-- Input material follows --
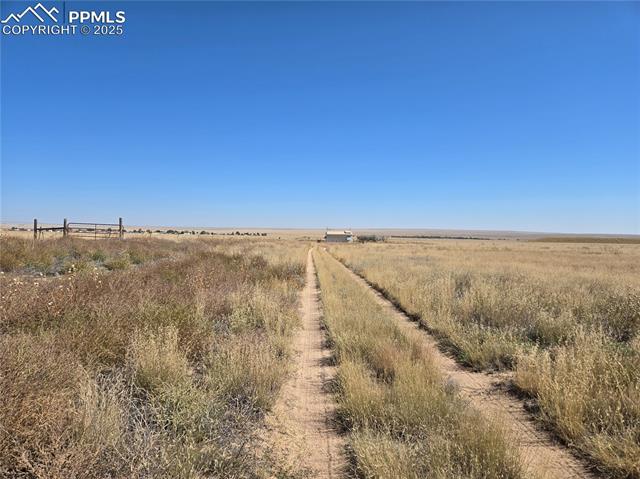 View of local wilderness with a rural view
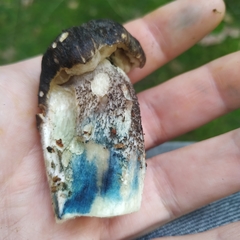 Leccinum variicolor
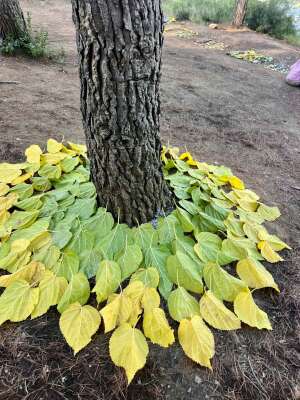 Foto Colegio Natura Montessori School #2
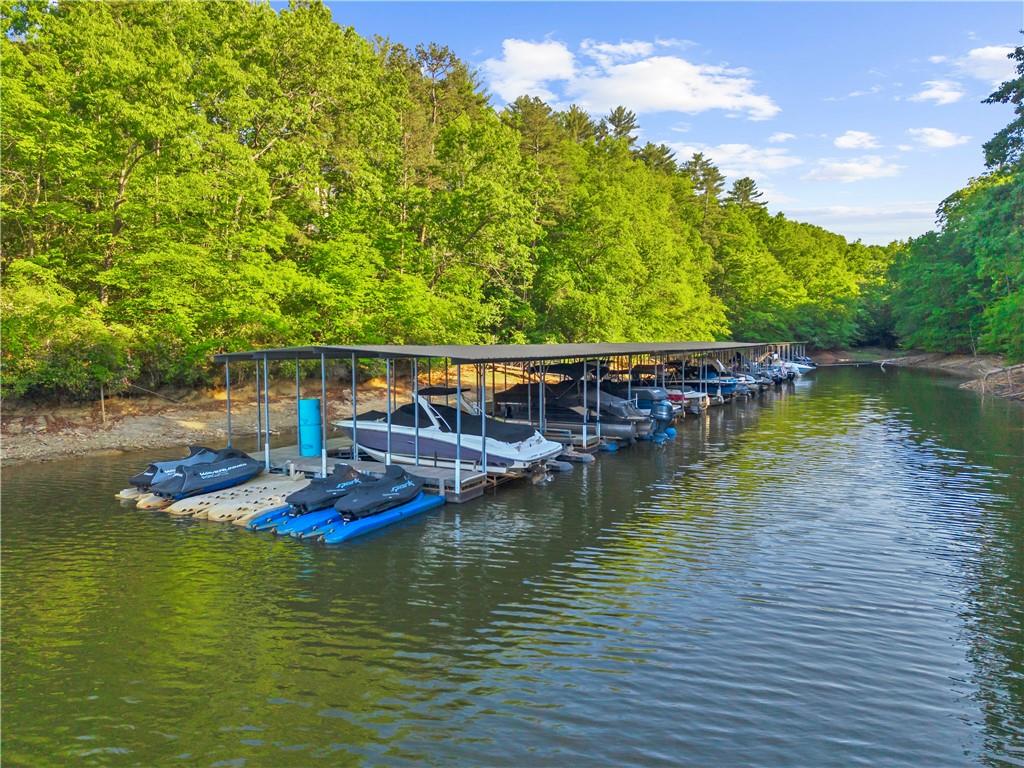 494 River Overlook Road Dawsonville, GA 30534 - Photo 5 of 96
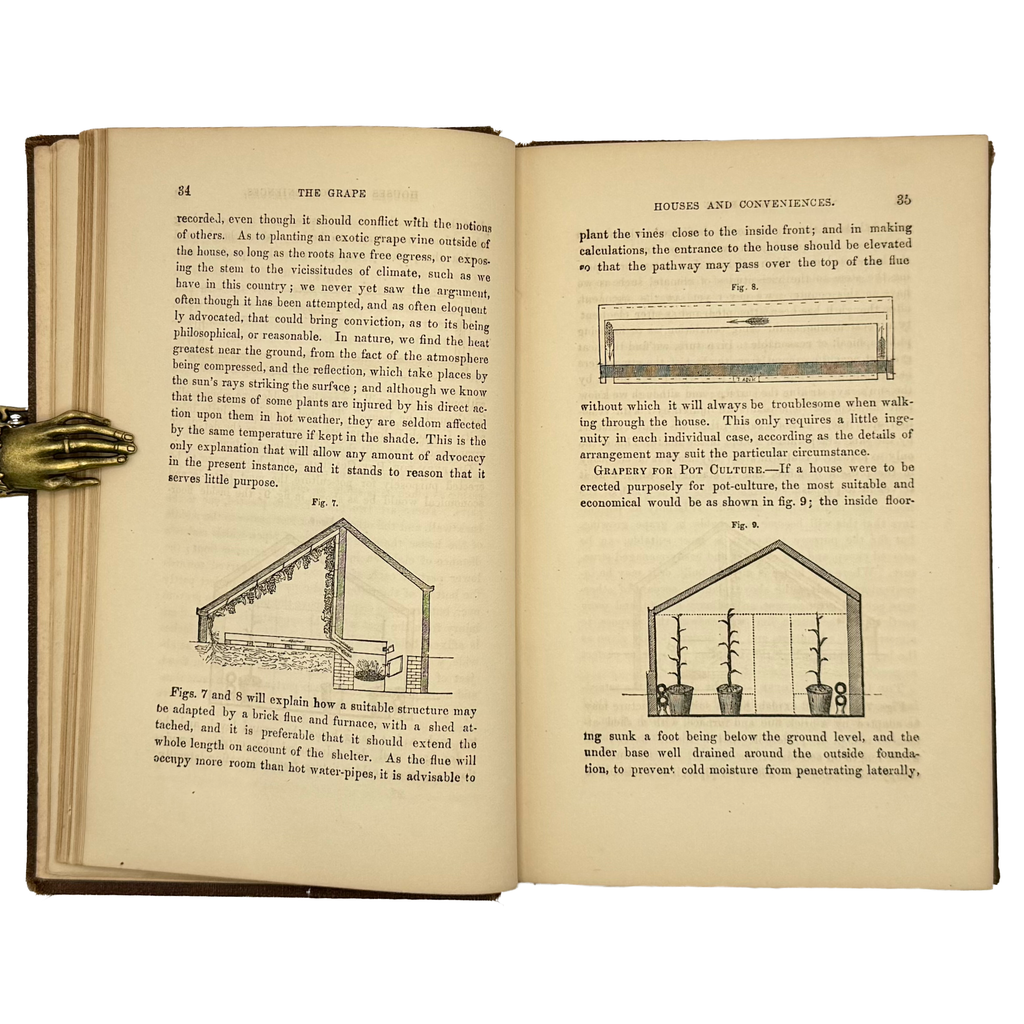 The American'S Grape Grower Guide by Chorlton, William, a rare view of the 1852 - wine book.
-- Input material concluded --
What to produce:
Your task is to retype all the entries exactly and leave out any pictures.

Completed task:
 View of local wilderness with a rural view
 Leccinum variicolor
 Foto Colegio Natura Montessori School #2
 494 River Overlook Road Dawsonville, GA 30534 - Photo 5 of 96
 The American'S Grape Grower Guide by Chorlton, William, a rare view of the 1852 - wine book.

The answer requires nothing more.